5 Causes of TMJ Discomfort or TMD
The temporomandibular joint, or TMJ, joins your skull to one side of your mandible (lower jaw). The general term for what occurs when the joint and/or muscles used for chewing become inflamed, stuck, or painful is temporomandibular disorder (TMD).
TMD typically affects people between the ages of 20 and 40 who have a history of clenching and grinding their teeth (bruxism), dental work, trauma to the jaw or face, increased anxiety or stress, or poor posture. TMD affects more women than men and is more common in women than in men.
Pain in the jaw, ears, face, neck, and upper back are among the symptoms. When yawning, talking, or eating, some patients may experience difficulty opening or closing their mouths, abnormal jaw movement, or popping, clicking, or grinding sounds in the joint.
Daily, social, or occupational activities might be restricted by a symptomatic TMJ. Following are some examples of lifestyle choices that may be linked to TMD or TMJ discomfort:
- Increased anxiety and stress – One of the main causes of TMD pain is increased stress, which frequently results in jaw clenching or teeth grinding. You might want to think about getting more sleep, practicing diaphragmatic breathing for 5 to 10 minutes several times a day, working out, taking a yoga class, or just taking a brief break to walk around the office and write down your stress-inducing situations.

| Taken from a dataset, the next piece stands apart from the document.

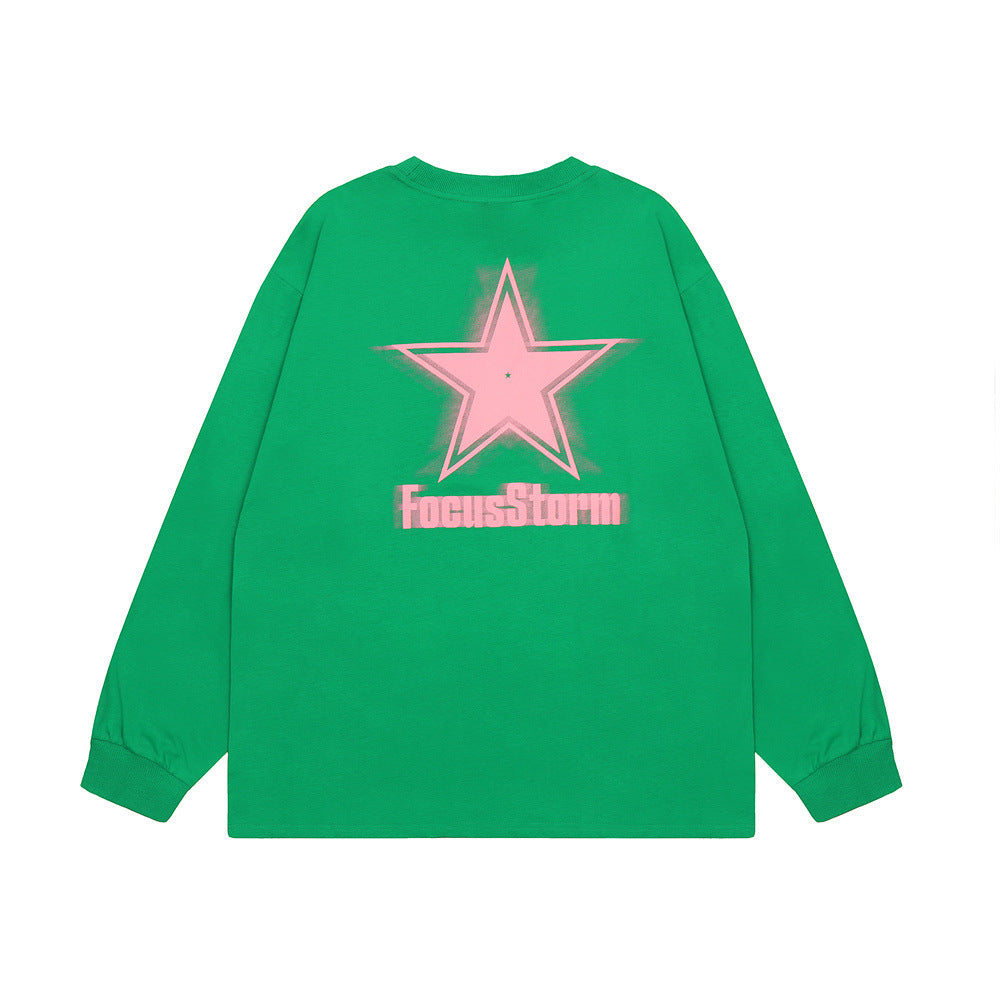 Men Long Sleeve T Shirt Five-Pointed Star Printed round Neck Base T-shirt Cotton Long Sleeve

- Slouched posture – Because the neck and jaw are closely related, slouching while working at a desk or using a mobile device can put undue strain on the neck’s musculature and cervical spine, which in turn can change how the mandible sits. The condyles of the jaw bone may sink deeper into their joint sockets when the shoulders are rounded, which is frequently the case when the head is positioned forward. The masticatory muscles that help open and close the mouth may have a different length-tension relationship as a result of poor posture. Muscle imbalances and joint misalignment may cause increased joint compression, which could be the cause of pain. Placing a beach towel or handkerchief in the small of your back while you drive or sit at a desk is one way to improve posture. You should take this as a cue to sit up straight and adjust your neck and shoulder alignment.
- Oral habits – A few habits that can cause the TMJ muscles to be overworked and cause microtrauma to the joint or the soft tissues (such as the ligaments, tendons, and muscles) that surround and support the joint include chewing on gum or writing implements, biting nails and lips, and clenching and grinding teeth. Try using a mouth guard at night if you grind your teeth, or try sucking on candy mints instead of chewing gum.
- Diet – Optimal TMJ function depends on healthy eating habits in addition to weight management and proper nutrition. Steak, nuts, stringy vegetables (like celery), and some breads are examples of foods that, despite being healthy, may overstrain or exert excessive compression forces on the TMJ. Large bites that require a wide opening of the mouth can also add strain. Smaller bites or softer food portions may help to lessen discomfort from TMJ overuse.
- Excessive mouth opening – Your mouth should be able to open at least 40 centimeters, or three finger widths. However, yawning, singing, or even laughing can cause excessive mouth opening. Use three fingers’ worth of space or put your fist between your chin and breastbone before opening your mouth to help lessen excessive mouth movement.